CHAMPAIGN, Ill. (WCIA) — Drones could be seen in the sky over Champaign’s Parkland College Thursday morning as agriculture students were getting schooled in new farm technology.
“I think it’s going to be a major part of the Ag Industry later on down the road,” said student Travis Ingram.
He’s part of the Precision Ag program at Parkland. Their focus is on how technology helps agriculture. That includes learning how drones can change the industry. The two day course had demonstrations, safety instruction, and hands-on opportunities. Ingram thinks it’s important for his class to get introduced.
“Show them what’s out there,” says Ingram. “Even though I know some of these drones are kind of pricey and they may not use them later on down the road, but they still get their feet wet and be able to experience this type of technology and what the Ag Industry may be going to.”
Students saw how even the most basic drones could tell them where their fields need to be sprayed and help get the biggest yield. The bigger drones even come with tanks that more easily spread pesticides. That kind of efficiency is Ingram’s favorite part.
“I like the precision part of it,” says Ingram. “Getting more yield out of the land we have. There’s no more land really being made at all. What we got, is what we got. And we have to be able to make due.”

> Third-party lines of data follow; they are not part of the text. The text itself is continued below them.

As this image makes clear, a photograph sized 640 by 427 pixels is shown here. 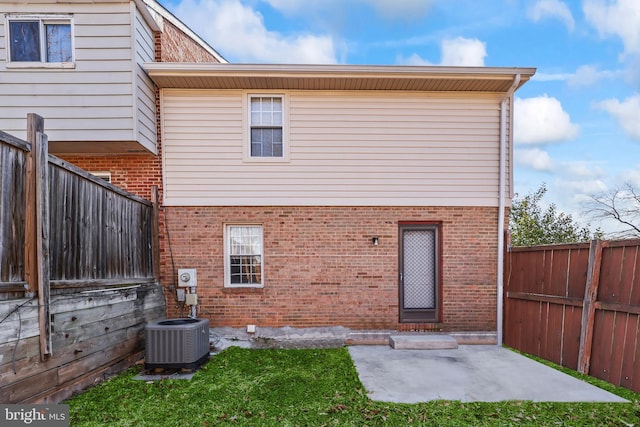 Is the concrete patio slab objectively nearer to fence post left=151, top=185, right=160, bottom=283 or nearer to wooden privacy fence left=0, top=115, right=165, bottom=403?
wooden privacy fence left=0, top=115, right=165, bottom=403

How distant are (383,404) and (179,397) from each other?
2.42m

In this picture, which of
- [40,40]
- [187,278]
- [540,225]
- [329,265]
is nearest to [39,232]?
[187,278]

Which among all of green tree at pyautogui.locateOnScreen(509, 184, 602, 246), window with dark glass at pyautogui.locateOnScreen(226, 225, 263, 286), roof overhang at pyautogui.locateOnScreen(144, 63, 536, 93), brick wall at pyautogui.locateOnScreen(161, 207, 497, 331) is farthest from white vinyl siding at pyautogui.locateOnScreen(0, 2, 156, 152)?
green tree at pyautogui.locateOnScreen(509, 184, 602, 246)

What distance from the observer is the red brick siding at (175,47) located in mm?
6176

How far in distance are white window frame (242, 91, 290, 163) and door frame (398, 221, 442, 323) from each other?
2.65m

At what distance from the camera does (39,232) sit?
11.5ft

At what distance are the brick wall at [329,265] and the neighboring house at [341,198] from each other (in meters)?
0.02

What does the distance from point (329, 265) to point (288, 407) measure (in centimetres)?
287

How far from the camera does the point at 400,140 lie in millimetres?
6289

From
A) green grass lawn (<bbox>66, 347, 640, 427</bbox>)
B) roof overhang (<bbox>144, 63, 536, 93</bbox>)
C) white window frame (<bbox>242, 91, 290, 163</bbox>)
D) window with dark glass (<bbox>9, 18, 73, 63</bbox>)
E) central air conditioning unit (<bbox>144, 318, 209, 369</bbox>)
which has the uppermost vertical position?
window with dark glass (<bbox>9, 18, 73, 63</bbox>)

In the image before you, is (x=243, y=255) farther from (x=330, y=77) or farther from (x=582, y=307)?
(x=582, y=307)

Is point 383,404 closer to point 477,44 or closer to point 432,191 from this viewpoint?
point 432,191

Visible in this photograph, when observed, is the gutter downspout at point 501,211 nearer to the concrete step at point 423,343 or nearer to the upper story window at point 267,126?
the concrete step at point 423,343

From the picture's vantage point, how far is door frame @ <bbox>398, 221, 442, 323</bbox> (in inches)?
249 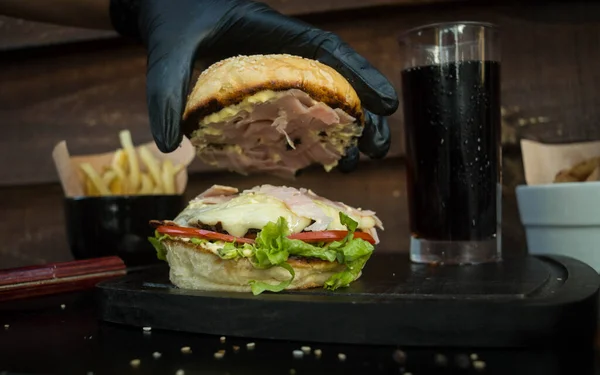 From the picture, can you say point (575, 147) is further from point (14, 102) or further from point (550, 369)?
point (14, 102)

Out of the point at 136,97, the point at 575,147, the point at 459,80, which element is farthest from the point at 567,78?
the point at 136,97

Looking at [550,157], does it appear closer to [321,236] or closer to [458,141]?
[458,141]

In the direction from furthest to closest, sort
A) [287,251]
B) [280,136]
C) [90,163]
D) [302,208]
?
1. [90,163]
2. [280,136]
3. [302,208]
4. [287,251]

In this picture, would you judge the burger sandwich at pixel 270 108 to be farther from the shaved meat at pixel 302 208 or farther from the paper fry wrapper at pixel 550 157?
the paper fry wrapper at pixel 550 157

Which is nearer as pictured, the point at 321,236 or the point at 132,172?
the point at 321,236

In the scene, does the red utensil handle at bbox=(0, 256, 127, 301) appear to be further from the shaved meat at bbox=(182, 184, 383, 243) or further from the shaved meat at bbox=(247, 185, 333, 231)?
the shaved meat at bbox=(247, 185, 333, 231)

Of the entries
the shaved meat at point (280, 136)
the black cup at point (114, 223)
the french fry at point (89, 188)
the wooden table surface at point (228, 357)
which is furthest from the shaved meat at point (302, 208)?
the french fry at point (89, 188)

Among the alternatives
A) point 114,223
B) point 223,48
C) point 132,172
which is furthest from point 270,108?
point 132,172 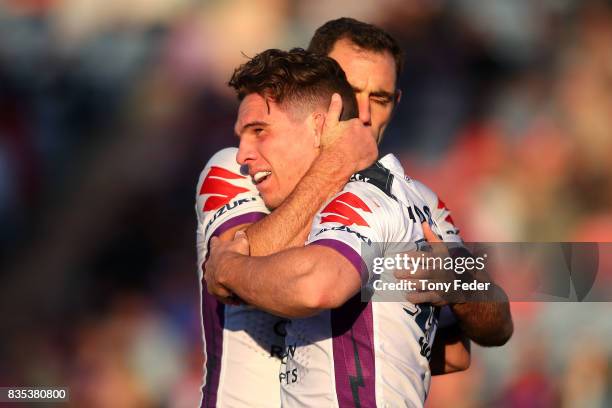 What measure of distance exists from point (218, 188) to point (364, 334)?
0.97 m

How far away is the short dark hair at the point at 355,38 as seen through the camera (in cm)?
383

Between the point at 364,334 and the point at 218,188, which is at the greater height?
the point at 218,188

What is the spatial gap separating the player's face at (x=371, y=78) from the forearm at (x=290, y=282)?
1.24 m

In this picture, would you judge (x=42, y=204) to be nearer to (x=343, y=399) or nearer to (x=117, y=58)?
(x=117, y=58)

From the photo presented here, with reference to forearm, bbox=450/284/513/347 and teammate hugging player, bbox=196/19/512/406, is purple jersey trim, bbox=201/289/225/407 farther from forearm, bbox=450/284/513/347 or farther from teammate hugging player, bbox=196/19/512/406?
forearm, bbox=450/284/513/347

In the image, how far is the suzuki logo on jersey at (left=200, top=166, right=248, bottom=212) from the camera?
3279 millimetres

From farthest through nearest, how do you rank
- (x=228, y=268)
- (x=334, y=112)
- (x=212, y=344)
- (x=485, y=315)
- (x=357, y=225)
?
(x=212, y=344) → (x=485, y=315) → (x=334, y=112) → (x=228, y=268) → (x=357, y=225)

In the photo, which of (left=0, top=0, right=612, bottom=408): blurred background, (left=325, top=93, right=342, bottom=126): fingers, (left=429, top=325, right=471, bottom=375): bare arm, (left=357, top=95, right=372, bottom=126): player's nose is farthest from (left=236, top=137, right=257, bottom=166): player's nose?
(left=0, top=0, right=612, bottom=408): blurred background

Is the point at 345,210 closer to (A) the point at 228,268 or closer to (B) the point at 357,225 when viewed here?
(B) the point at 357,225

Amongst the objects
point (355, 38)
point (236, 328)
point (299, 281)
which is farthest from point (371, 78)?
point (299, 281)

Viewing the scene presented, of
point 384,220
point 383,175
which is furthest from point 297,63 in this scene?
point 384,220

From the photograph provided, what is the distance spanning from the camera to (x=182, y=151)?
22.9 ft

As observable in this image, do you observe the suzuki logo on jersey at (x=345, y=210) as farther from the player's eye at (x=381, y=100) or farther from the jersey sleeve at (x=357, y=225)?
the player's eye at (x=381, y=100)

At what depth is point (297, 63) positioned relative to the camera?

While not used often in America yet, the technology is already common for farmers in other parts of the world, like Asia. With drones being seen as what’s next, the school wants to make sure the next generation is prepared. Demonstrator Michael Ferguson says making the most of the farm land is important for the students.
“There’s probably a global shortage in food, or at least we’re headed in that direction,” says Ferguson. “This is just another tool. It’s not the end all, be all, but it’s another tool that can definitely help the single farmer all the way to the bigger corporation agriculture businesses.”
This is the first time the drones instructors have visited the class. But as the technology gets more popular in the industry, they may be back to teach more future farmers.